D/H ratio has a negative inhibitory effect on the street vitality (Figure 4(h)). It is consistent with the conclusion of Yoshinobu (Yoshinobu, 1984), who declares that when the D/H ratio is 1 to 2, the scale of the street space is friendly and prone to stimulate vitality. As the D/H ratio increases, the sense of enclosure decreases and the street vitality will then be lost. In addition, the effect of the D/H ratio is generally increasing over time. The influence on weekdays and weekends fluctuates greatly over time, and both reach the lowest at 18 o’clock. The influence in the evening is stronger than that of other periods. The effect at weekend is slightly higher than that on weekday.
Walkability has a positive effect on the street vitality, and the degree decreases first and then increases with time (Figure 4(i)). The influence on weekdays and weekends fluctuates greatly over time, and the trend of change is similar. The effects in the morning and evening are stronger than other periods. The effect on weekend is significantly higher than that on weekdays, manifesting that people prefer streets with good walking conditions at weekend. On weekday, for the needs of commuting and working, more choices are made for short distances and convenience rather than walking conditions.
Both the green vision rate and openness have a negative effect on the street vitality (Figure 4(j), (k)). The reason lies in the fact that streets with higher vitality are mostly distributed in areas with low greening levels and small spatial scales, such as old urban areas; while the newly developed areas have a high greening rate and broad vision, but street activities are relatively sparse. The effects of the two indices decreases first and then increases with time. The influence at weekend is higher than that on weekday, suggesting that people prefer the streets in the old urban area with more greening and enclosure at weekend.
Destination Accessibility
Location promotes the street vitality. The closer the street is to the commercial center, the higher the street vitality (Figure 4(l)). The degree of influence shows a decreasing trend over time. The effect is strongest in the evening and is weakest in the morning. The effect at weekend is significantly higher than that on weekday, indicating that the better the location of the street, the higher the vitality and the stronger the central radiation effect.
The two phase betweenness has a positive effect on the street vitality, and the degree of influence is generally increasing over time (Figure 4(m)). The influence at weekend is slightly higher than that on weekend, and fluctuates greatly over time, reaching a peak at 20:00. This period is the peak time for people to go out at weekend, suggesting that people are more willing to choose streets with high accessibility in the evening.
Spatial Heterogeneity
The average values of the influence coefficients of the built environment indices on weekdays and weekends are summarized, and the changes with space are visualized and analyzed. To compare the spatial differences, the coefficients of the same indicator on weekday and weekend are segmented globally by natural discontinuity method, thus clearly describing the global heterogeneity characteristics of the same spatial unit.
Density
The spatial distributions of functional density’s effects on weekdays and weekends is roughly the same, showing that the influence is higher in the fringe areas of Xiamen Island, especially in the northeast and southwest areas (Figure 5). The most affected streets are mainly distributed around Xiamen Gaoqi International Airport, Wuyuan Bay, and Island Ring Boulevard. These streets have lower functional density and fewer businesses on both sides, as a result, the increase of functional density has a stronger driving effect on the street vitality. The streets with the weakest influence are mainly distributed around Amoy YatSen Road, Xiahe Road, and Yundang Lake. These areas have been developed with relatively complete facilities such as education, medical care, catering, and entertainment, as well as abundant commercial formats along the streets. Thus, the promotion of functional diversity is not obvious in enhancing the street vitality.

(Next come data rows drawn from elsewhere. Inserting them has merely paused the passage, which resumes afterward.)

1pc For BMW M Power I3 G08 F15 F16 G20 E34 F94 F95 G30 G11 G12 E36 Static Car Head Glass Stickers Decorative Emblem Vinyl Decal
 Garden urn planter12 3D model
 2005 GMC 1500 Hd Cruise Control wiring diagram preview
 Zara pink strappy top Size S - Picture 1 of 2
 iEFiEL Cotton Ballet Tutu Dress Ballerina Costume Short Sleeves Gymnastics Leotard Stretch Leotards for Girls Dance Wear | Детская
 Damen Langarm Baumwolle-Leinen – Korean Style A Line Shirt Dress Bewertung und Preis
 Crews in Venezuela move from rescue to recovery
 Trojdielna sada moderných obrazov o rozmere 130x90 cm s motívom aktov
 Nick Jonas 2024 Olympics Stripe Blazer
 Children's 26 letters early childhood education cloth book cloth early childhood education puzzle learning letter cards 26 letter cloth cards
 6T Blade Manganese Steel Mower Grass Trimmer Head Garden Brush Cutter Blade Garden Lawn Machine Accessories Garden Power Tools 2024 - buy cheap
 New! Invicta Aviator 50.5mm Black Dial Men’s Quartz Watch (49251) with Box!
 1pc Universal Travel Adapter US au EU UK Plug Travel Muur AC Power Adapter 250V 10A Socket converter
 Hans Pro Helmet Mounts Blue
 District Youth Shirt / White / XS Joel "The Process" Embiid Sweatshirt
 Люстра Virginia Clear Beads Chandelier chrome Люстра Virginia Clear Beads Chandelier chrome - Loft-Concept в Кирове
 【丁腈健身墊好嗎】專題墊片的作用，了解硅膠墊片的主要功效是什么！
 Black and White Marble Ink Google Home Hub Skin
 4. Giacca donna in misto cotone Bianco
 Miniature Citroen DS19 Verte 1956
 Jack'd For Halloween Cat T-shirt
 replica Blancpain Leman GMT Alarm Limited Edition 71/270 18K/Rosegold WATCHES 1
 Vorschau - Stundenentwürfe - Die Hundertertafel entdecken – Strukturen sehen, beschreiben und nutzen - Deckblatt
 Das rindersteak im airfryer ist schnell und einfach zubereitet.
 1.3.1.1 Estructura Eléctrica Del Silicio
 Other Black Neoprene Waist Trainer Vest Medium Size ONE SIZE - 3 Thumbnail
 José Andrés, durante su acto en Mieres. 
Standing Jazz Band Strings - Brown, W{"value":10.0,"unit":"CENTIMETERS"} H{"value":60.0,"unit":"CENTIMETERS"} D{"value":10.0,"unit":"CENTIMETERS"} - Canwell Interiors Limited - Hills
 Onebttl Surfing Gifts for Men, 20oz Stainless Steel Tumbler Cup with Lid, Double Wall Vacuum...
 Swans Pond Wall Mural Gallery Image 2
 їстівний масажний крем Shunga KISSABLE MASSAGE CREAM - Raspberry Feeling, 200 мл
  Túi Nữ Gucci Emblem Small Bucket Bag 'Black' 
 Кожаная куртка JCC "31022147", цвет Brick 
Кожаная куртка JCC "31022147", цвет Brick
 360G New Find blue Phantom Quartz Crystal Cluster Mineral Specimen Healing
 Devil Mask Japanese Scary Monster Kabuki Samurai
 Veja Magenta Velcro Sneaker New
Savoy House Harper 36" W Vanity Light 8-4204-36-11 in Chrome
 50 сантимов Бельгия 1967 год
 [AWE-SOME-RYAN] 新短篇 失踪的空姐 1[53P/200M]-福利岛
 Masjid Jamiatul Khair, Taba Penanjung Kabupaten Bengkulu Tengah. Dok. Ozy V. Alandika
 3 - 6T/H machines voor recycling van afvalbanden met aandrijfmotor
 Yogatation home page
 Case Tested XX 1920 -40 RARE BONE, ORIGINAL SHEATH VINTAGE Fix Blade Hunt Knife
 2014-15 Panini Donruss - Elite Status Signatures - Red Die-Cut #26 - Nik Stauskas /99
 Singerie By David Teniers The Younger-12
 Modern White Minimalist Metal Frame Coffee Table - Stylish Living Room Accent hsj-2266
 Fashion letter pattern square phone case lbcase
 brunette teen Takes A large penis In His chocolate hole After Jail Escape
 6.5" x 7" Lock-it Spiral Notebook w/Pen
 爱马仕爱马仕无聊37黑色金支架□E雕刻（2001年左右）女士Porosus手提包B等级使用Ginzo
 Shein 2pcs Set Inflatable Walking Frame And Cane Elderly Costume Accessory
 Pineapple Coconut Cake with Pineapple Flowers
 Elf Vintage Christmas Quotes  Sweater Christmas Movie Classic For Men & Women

Spatial characteristics of the effect of functional density on street vitality: (a) weekday and (b) weekend.
The influencing characteristics of the intensity of development on weekdays and weekends are similar (Figure 6). The effect is stronger in the central area, with an average plot ratio of approximately 2.3. Increasing the intensity of development on both sides of the street can further enhance the street vitality. Streets with weaker influence are distributed in the newly developed areas with low density and less functions. Increasing the functional density has a weak effect on the street vitality.

Spatial characteristics of the effect of development intensity on street vitality: (a) weekday and (b) weekend.
Diversity
The influence of the functional diversity is stronger in the southwest and weaker in the northeast. The most affected streets are mainly located in the old urban areas, for instance, the Amoy YatSen historic neighborhoods with rich tourism resources and well-developed transportation. The diverse functions are more attractive to the people and tourists on the street. The streets with the weakest influence are distributed in the newly developed areas, with a relatively high proportion of local residents. The residents’ demand for functional types is relatively stable, and the abundance of street functions has a weaker influence on the street vitality (Figure 7).

Spatial characteristics of the effect of diversity on street vitality: (a) weekday and (b) weekend.
Distance to Transit
The metro/BRT and bus stations have a strong influence on the street vitality in the northern areas, including the airport, industrial areas, and the logistics parks (Figures 8 and 9). In contrast, the influence in the streets on the belt from Amoy YatSen Road to SM commercial plaza in the south is relatively weak. This result reflects the differences in the dependence on public transportation in different regions. In the remote areas with single functions, although the transportation facilities are limited, most people still rely on public transportation for trip. In the central and southern areas, people have more choices, and less dependent on public transportation.

Spatial characteristics of the effect of the distance to the nearest metro/BRT on street vitality: (a) weekday and (b) weekend.

Spatial characteristics of the effect of the density of bus stations on street vitality: (a) weekday and (b) weekend.
Design
The influence of the street level on the street vitality is strong in the west and weak in the east. People tend to choose high-level roads for work and school on weekday, therefore, the most affected streets are mainly located around the Amoy YatSen Road area, Yundang Lake area, and Huweishan Park (Figure 10(a)). A large number of jobs are distributed here and the people have a higher commuting demand. The most affected streets at weekend are located in the most frequent areas in and out of Xiamen Island, indicating that the street vitality is mainly sourced from the cross-island traffic flow (Figure 10(b)).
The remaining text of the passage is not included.